• Instructions for the task: Set down all of the entries word for word, omitting the images they contain.
########
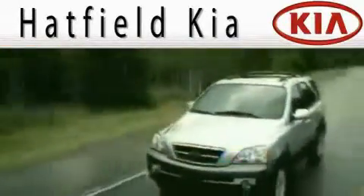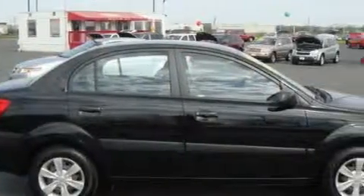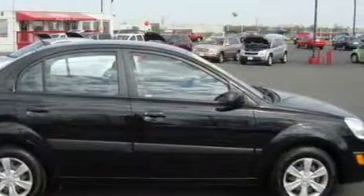Another fine vehicle offered by Hatfield Kia. This is a 2006 Kia Rio. The fuel-efficient four-cylinder engine connected to a four-speed automatic transmission provides fuel efficiency with enough power to zip around town.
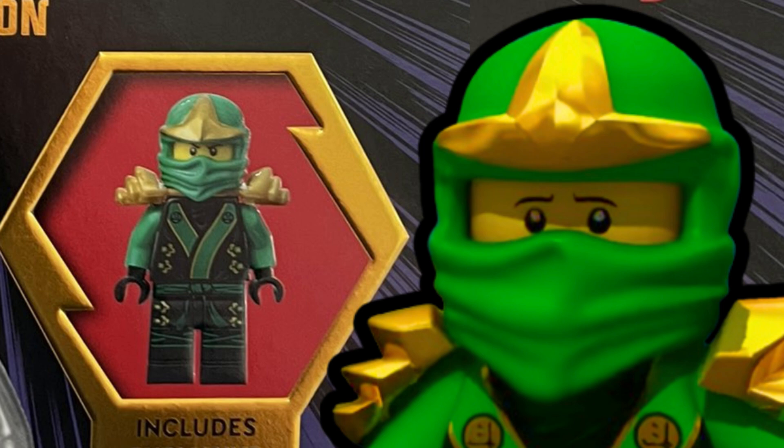But for some reason in the UK there is a different version of this book with a totally different minifigure, which is kind of outdated — and that's Kimono Lloyd from 2012. Kimono Lloyd only came from the Picture Cyclopedia book back in 2012 and was exclusive to that book, but somehow the UK Secret World of the Ninja new edition has this exclusive Lloyd minifigure.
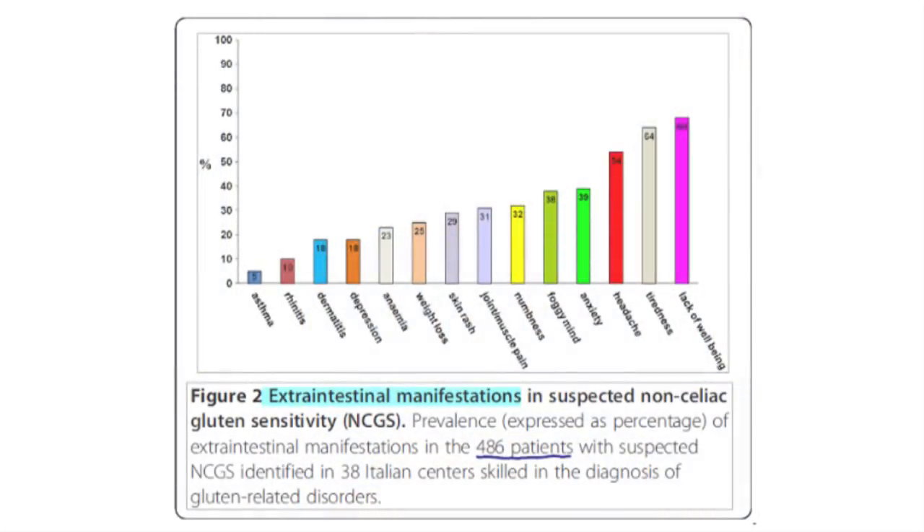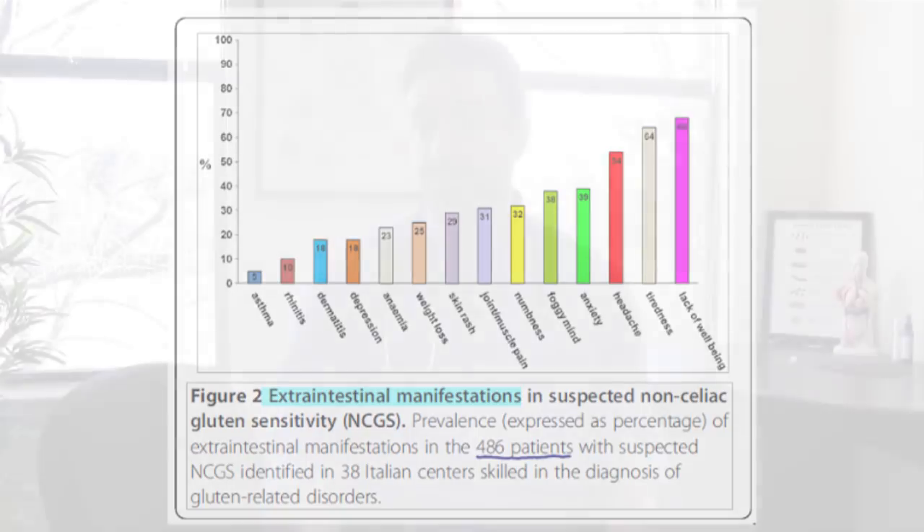For extra-intestinal or non-digestive manifestations, lack of well-being, fatigue, and headache were the three most common. This is very important because someone could have only those symptoms — no bloating, no constipation, no diarrhea — and still have a gut problem. In this case, gluten sensitivity could be the culprit even with no digestive symptoms at all.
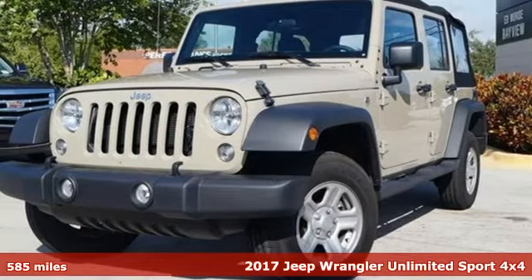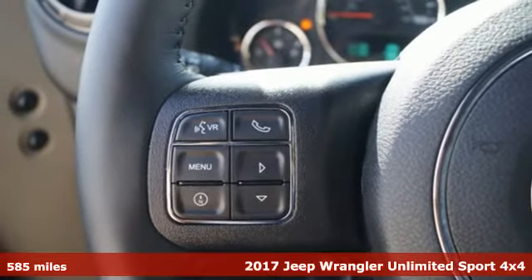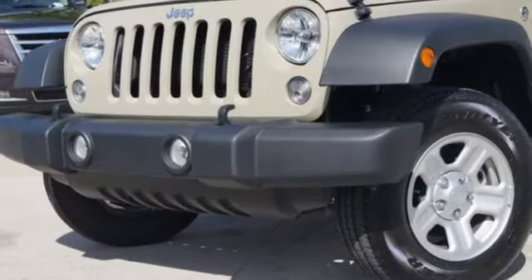Here's a 2017 Jeep Wrangler Unlimited. With four doors and legendary off-road capability, the world opens up to endless possibilities. It's equipped for all your driving needs and wants.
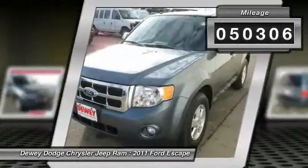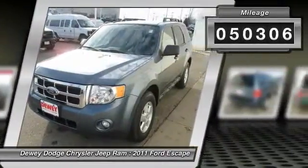This vehicle has less than 55,000 miles. Here are some of this vehicle's great options.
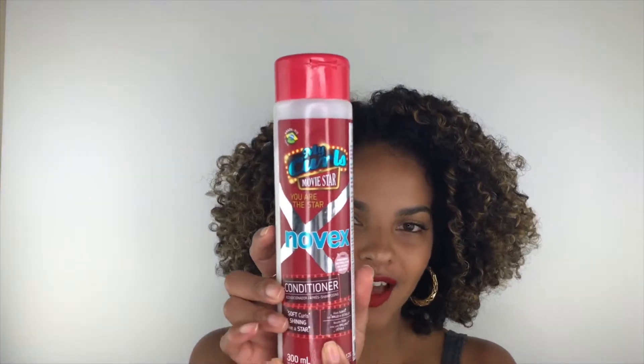Hey guys, welcome back to my channel. Today I'll be showing you how I got these finger coils and I'll also be doing a review on Novex Hair Care. This is their My Curls Movie Star line that just launched and I use the shampoo, the conditioner, deep conditioner, and leave-in. I'll be giving you my feedback and my opinion on all of those products. So without further ado, let's get into the tutorial and the review.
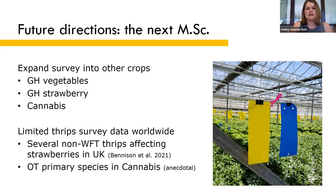Recent data from the United Kingdom showed that there are a number of non-western flower thrips species that affect strawberries, and anecdotally we have found that onion thrips is the primary thrips species in cannabis in Ontario. These crops might also benefit from further research on greenhouse IPM for onion thrips.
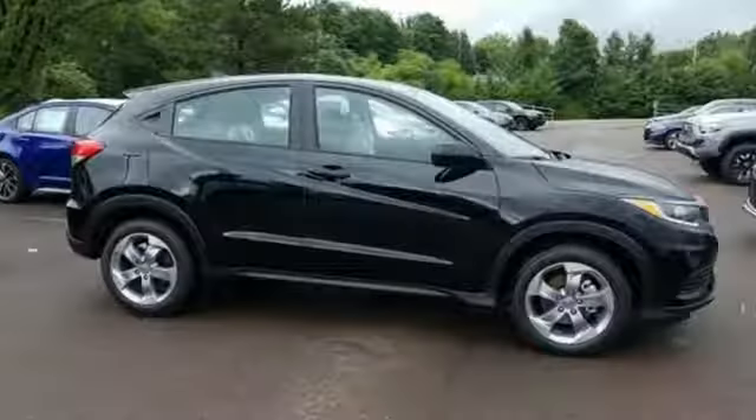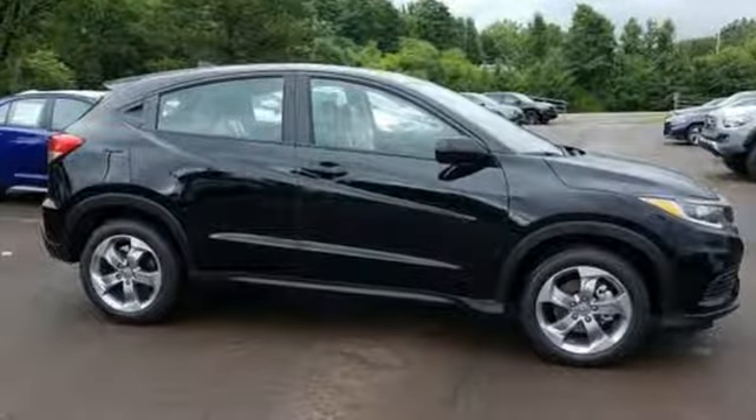Honda's created some of the most admired vehicles on the planet. Hurry in today for a test drive.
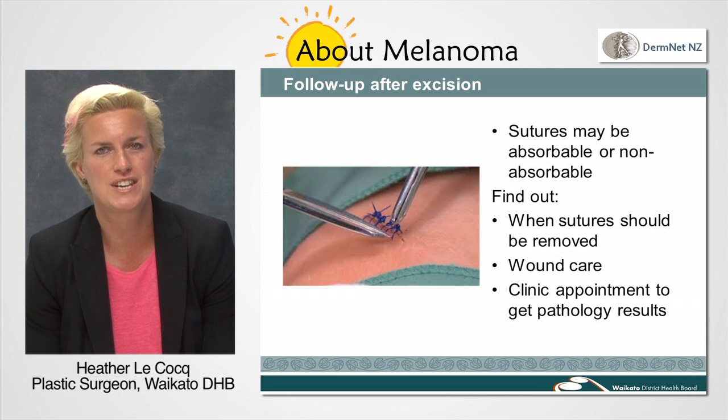We will arrange to see you in the clinic three to four weeks after the procedure to check that all is healing well and to give you the results of that further tissue that has been removed. At the clinic we will also give you advice regarding self-examination and precautions to take with the sunshine, and will explain your ongoing follow-up and surveillance regime.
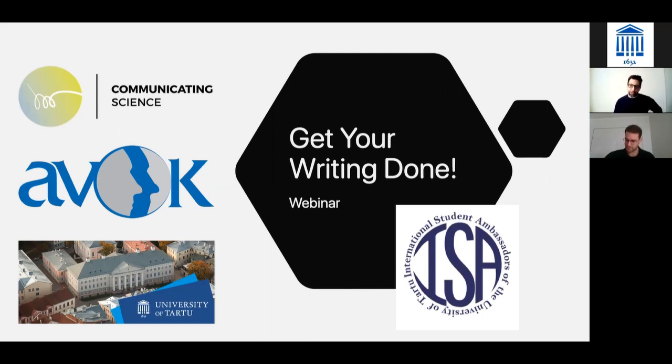I will talk about what I think are the most important criteria for you to understand in order to get your writing done. Writing itself is incredibly difficult — that's something I want to start off with right away. I want to take away some of the myths you might have about writing, and primarily I want to motivate you to write. That's one of my key goals for this webinar: motivating you to get your writing done.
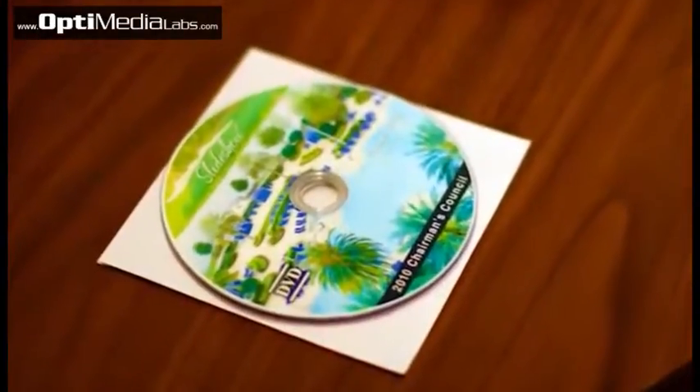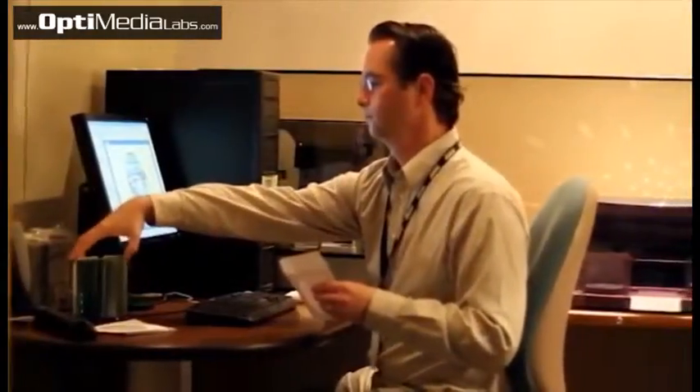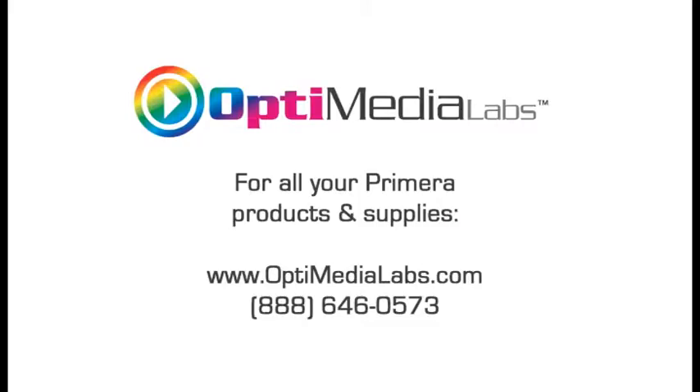I love the fact that the artwork I create in Photoshop — those same vibrant colors are going to end up on the label that Bravo creates. Primera has made this so easy that if you can push a button, you can print and duplicate a disk. Primera, performance perfected.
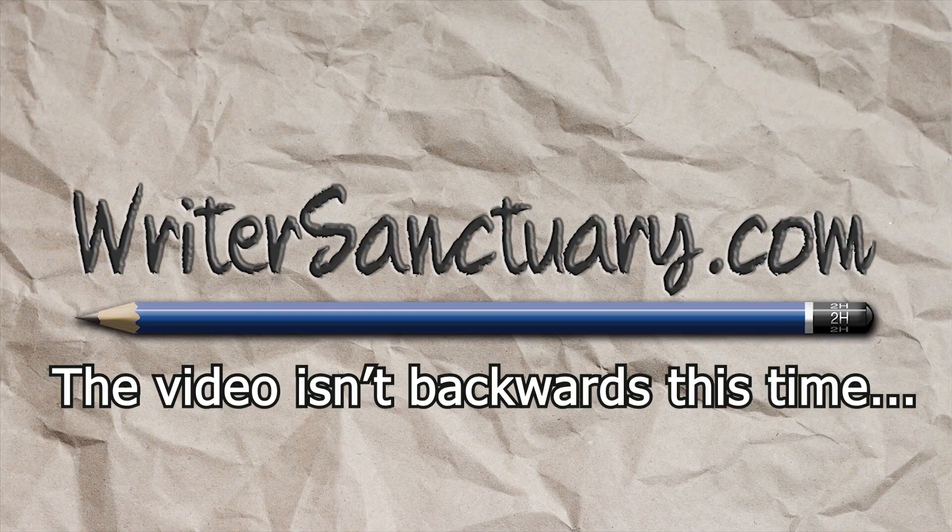Should you buy the Atticus writing app? I'm Mike with Writer's Sanctuary, and today we're going to be talking about Atticus — the writing app, not the mental health app. Yeah, that's a long story.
########
• Answer to this exercise:
Another fine vehicle offered by Hatfield Kia. This is a 2006 Kia Rio. The fuel-efficient four-cylinder engine connected to a four-speed automatic transmission provides fuel efficiency with enough power to zip around town.
But for some reason in the UK there is a different version of this book with a totally different minifigure, which is kind of outdated — and that's Kimono Lloyd from 2012. Kimono Lloyd only came from the Picture Cyclopedia book back in 2012 and was exclusive to that book, but somehow the UK Secret World of the Ninja new edition has this exclusive Lloyd minifigure.
For extra-intestinal or non-digestive manifestations, lack of well-being, fatigue, and headache were the three most common. This is very important because someone could have only those symptoms — no bloating, no constipation, no diarrhea — and still have a gut problem. In this case, gluten sensitivity could be the culprit even with no digestive symptoms at all.
Here's a 2017 Jeep Wrangler Unlimited. With four doors and legendary off-road capability, the world opens up to endless possibilities. It's equipped for all your driving needs and wants.
This vehicle has less than 55,000 miles. Here are some of this vehicle's great options.
Hey guys, welcome back to my channel. Today I'll be showing you how I got these finger coils and I'll also be doing a review on Novex Hair Care. This is their My Curls Movie Star line that just launched and I use the shampoo, the conditioner, deep conditioner, and leave-in. I'll be giving you my feedback and my opinion on all of those products. So without further ado, let's get into the tutorial and the review.
Recent data from the United Kingdom showed that there are a number of non-western flower thrips species that affect strawberries, and anecdotally we have found that onion thrips is the primary thrips species in cannabis in Ontario. These crops might also benefit from further research on greenhouse IPM for onion thrips.
Honda's created some of the most admired vehicles on the planet. Hurry in today for a test drive.
We will arrange to see you in the clinic three to four weeks after the procedure to check that all is healing well and to give you the results of that further tissue that has been removed. At the clinic we will also give you advice regarding self-examination and precautions to take with the sunshine, and will explain your ongoing follow-up and surveillance regime.
I will talk about what I think are the most important criteria for you to understand in order to get your writing done. Writing itself is incredibly difficult — that's something I want to start off with right away. I want to take away some of the myths you might have about writing, and primarily I want to motivate you to write. That's one of my key goals for this webinar: motivating you to get your writing done.
I love the fact that the artwork I create in Photoshop — those same vibrant colors are going to end up on the label that Bravo creates. Primera has made this so easy that if you can push a button, you can print and duplicate a disk. Primera, performance perfected.
Should you buy the Atticus writing app? I'm Mike with Writer's Sanctuary, and today we're going to be talking about Atticus — the writing app, not the mental health app. Yeah, that's a long story.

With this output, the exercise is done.